CHINA (OBSERVATORY) – China, the world’s manufacturing center, is moving towards an economy with higher added value, and there is one large industry in which a country can dominate both as a producer and a consumer: health, CNBC writes.
This is due to the fact that China has become the second largest economy in the world for decades with the strict policies of one child, contributing to the emergence of a rapidly aging society and the growing need to improve the scope of medical services.
According to the health information company IQVIA, China was the world’s second largest national pharmaceutical market in 2017, its volume is estimated at $ 122.6 billion. The country has also become the largest emerging pharmaceutical market, which by 2020 will reach $ 175 billion.
” The development of the healthcare industry in China is still in its infancy, as evidenced by low health expenditure as a percentage of GDP … and a smaller proportion of the population aged 60 and older, “DBS analysts Mark Kong and Chris Gao said. it requires a lot of space for growth because, as the population is aging, the demand for drugs will increase.”
According to experts, there is still room for growth, although the average annual growth rate of the Chinese pharmaceutical market from 2013 to 2017. was 9.4%.
For comparison, the world’s largest medical services market in the US in 2017 was estimated at $ 466.6 billion, while Japan spent $ 84.8 billion on medicine in the same year.
Bank Credit Suisse has selected shares of several pharmaceutical companies in China, which will be suitable for speculation in 2018.
The company, registered in Hong Kong, has two leading medicines: anlotinib for the treatment of lung cancer and tenofovir for hepatitis B – and several generics that must be approved before 2021.
The top choice of Credit Suisse, Sino Biopharm, is already the leader in the Chinese market medicines from hepatitis with a 22% market share in 2016. The company also has a full portfolio of drugs for hepatitis.
According to Credit Suisse, the company has more than 10 thousand sales representatives in China, and half of them are engaged in drugs for hepatitis.
In 2016, the anti-oncology company had a share of 11% of the company’s total sales. The index will increase to 19% by 2020, after annotinib will be launched in the first quarter of 2018, noted in Credit Suisse. This product is likely to be competitive compared to comparable drugs from transnational corporations, the bank added.
Jiangsu Hengrui Medicine
“Jiangsu Hengrui” is the largest company in China, whose shares are quoted on the exchange. And with the consolidation of the industry due to changes that have occurred under the leadership of the government, this will be the best opportunity to follow the trends, said Credit Suisse.
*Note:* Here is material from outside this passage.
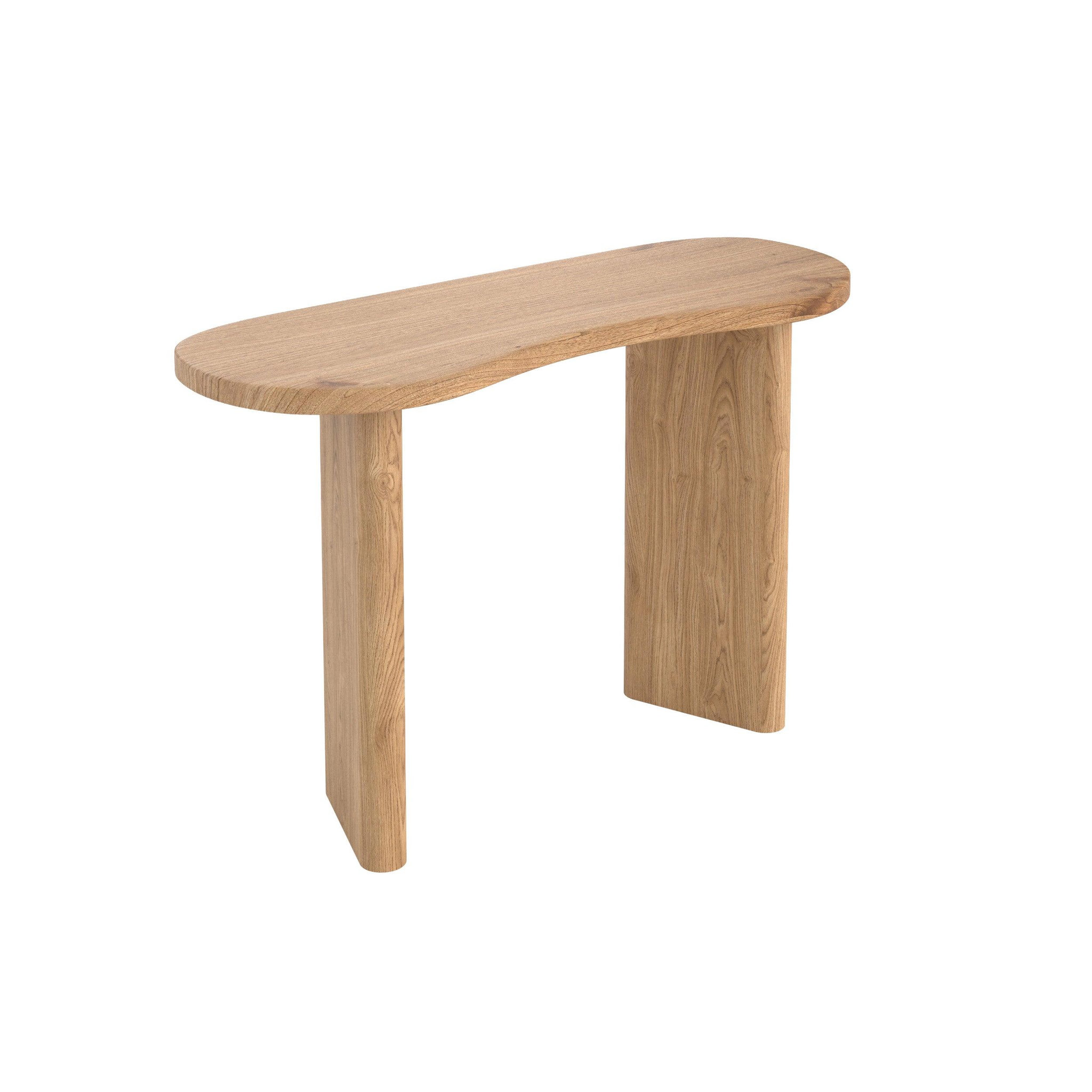 MAISON PAVANE Console en bois massif de mindi-brandan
This is due, according to the bank, with an effective portfolio of drugs from Jiangsu Hengrui, a powerful drug delivery potential, its leading position in cancer treatment and a well-established sales team.
In 2018, the pharmaceutical company intends to launch three main drugs, two of which are drugs for the treatment of oncology. The latter is a common product for respiratory diseases.
The Swiss bank said that the Hong Kong CSPC is ready for short-term profitability and the strongest organic growth among large pharmaceutical names.
Including an injection used for stroke and cancer treatment as part of China’s health care reimbursement system will help stimulate growth, Credit Suisse added.